___ Extracted data ___

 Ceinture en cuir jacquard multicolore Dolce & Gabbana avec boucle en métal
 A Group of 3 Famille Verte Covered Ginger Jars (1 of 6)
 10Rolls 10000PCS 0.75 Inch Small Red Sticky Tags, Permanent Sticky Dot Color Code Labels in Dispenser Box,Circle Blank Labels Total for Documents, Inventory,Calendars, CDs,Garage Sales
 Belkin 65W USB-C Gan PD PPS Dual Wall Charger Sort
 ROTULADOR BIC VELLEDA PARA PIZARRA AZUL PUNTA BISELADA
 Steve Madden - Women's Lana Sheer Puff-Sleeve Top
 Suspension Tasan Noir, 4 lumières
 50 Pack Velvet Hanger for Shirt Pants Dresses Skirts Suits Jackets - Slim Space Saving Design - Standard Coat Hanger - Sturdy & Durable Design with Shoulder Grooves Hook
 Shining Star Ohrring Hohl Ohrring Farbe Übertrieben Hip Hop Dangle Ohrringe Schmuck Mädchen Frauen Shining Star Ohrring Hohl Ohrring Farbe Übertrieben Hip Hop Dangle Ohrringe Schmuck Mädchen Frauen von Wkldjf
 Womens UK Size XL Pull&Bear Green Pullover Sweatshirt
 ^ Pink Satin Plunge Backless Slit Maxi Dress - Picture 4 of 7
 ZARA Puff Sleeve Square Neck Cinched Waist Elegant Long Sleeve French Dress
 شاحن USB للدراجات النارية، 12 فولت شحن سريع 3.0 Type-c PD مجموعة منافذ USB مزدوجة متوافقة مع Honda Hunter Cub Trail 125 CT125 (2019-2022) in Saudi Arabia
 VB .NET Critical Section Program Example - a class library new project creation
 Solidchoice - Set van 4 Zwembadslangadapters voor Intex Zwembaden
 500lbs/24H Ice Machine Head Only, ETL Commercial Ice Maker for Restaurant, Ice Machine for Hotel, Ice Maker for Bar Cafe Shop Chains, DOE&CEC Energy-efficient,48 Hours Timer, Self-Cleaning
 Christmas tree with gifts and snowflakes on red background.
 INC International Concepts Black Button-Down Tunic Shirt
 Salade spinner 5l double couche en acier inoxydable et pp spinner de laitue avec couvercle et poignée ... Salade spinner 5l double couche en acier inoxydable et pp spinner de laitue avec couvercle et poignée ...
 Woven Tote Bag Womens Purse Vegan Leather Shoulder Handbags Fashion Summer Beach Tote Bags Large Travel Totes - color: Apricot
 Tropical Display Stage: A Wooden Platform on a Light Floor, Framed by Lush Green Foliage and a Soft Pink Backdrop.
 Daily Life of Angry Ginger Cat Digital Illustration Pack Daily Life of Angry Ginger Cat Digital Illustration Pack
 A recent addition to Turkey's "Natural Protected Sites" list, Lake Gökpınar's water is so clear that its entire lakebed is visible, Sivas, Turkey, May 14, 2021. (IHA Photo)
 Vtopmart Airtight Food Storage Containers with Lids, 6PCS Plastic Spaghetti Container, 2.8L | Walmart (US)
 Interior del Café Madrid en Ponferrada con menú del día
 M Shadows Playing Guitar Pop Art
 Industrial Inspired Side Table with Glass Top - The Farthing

___

**Exercise instructions**
The answer must consist of every line from the entries that holds the string "Ginger".

**Answer section**
 A Group of 3 Famille Verte Covered Ginger Jars (1 of 6)
 Daily Life of Angry Ginger Cat Digital Illustration Pack Daily Life of Angry Ginger Cat Digital Illustration Pack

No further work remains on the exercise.